Tolerable Discomfort

In the physical practice of yoga, you might have heard the instruction “lean into the discomfort.” It is a simple, yet powerful suggestion that explores our capacity to test our limits.

The idea is, if we can tolerate being uncomfortable physically, then emotional and psychological discomfort will be more bearable.

I have been thinking about this a lot lately. You see, my eight year old foster daughter's mother died after a 10 month battle with cancer. She was 34.

The families story is sad, tragic even. But my foster daughter has been in my home for more than 3 years. She has healed from PTSD, among other things. She is a happy and loving member of our family.

And my sweet, happy girl lost her mother. For the sake of this story, we'll call my foster daughter “A”.

The day before traveling to Florida to attend the funeral, A's therapist suggested that I help her stay within “tolerable discomfort”.

So this became my mantra.

When we arrived at the funeral home and were confronted with family she did not recognize (but they recognized her), she demanded to leave.

Then my mantra became a question.

What is tolerable discomfort?

When asked to participate in a traditional Chinese ceremony, my foster daughter clung to my arm and hid behind me, whimpering and whining.

What is tolerable discomfort?

When asked to enter the room and bow at her mother's open casket, she stood wide-eyed and demanded to know why her mother looked so different, again, asking to leave and pulling me out the door.

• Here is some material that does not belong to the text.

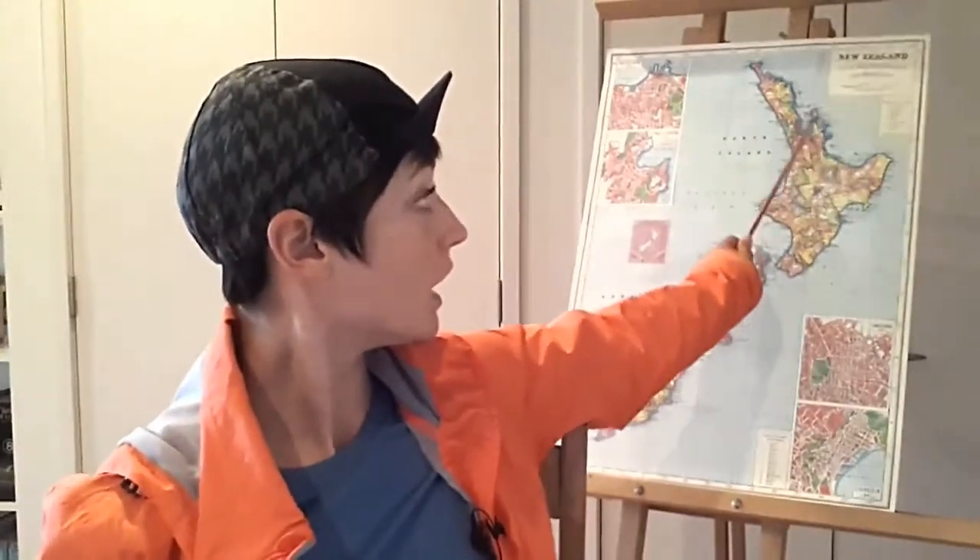Hi there! I just got back from a six-day long bike trip on the Coromandel Peninsula — this section right here. Let me tell you, I learned some things. Welcome to my top tips for biking across the Coromandel Peninsula.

What is tolerable discomfort?

When asked to observe the burial ceremony, she again demanded to leave. This time with volume. This time in a dramatic expression of raw anger and grief and sadness and frustration.

From the front seat of the car (where we watched the burial), she screamed at me for “making her go to the funeral”. She kicked the console and yelled some more. She buried her head in her hands and cried. Hard.

I sat silently with my hand on her belly and I held the space for her grief.

Because what is tolerable when your mother dies?

What ends up being intolerable, in the long run, is not feeling the feelings.

A was given the opportunity to feel her feelings. All of them.

She was not protected from her grief, because her grief was valid.

She was not told to calm her anger or lower her voice.

She was not allowed to leave.

(Nobody wants to be at funerals, I assured her. Nobody.)

She was asked to have the experience, whatever that was for her.

To look it in the eye, and be uncomfortable, to be sad, mad, frustrated and whatever else.

Because only when we truly experience what life is offering RIGHT NOW can we feel true joy and happiness.

I wish that for her with all my heart.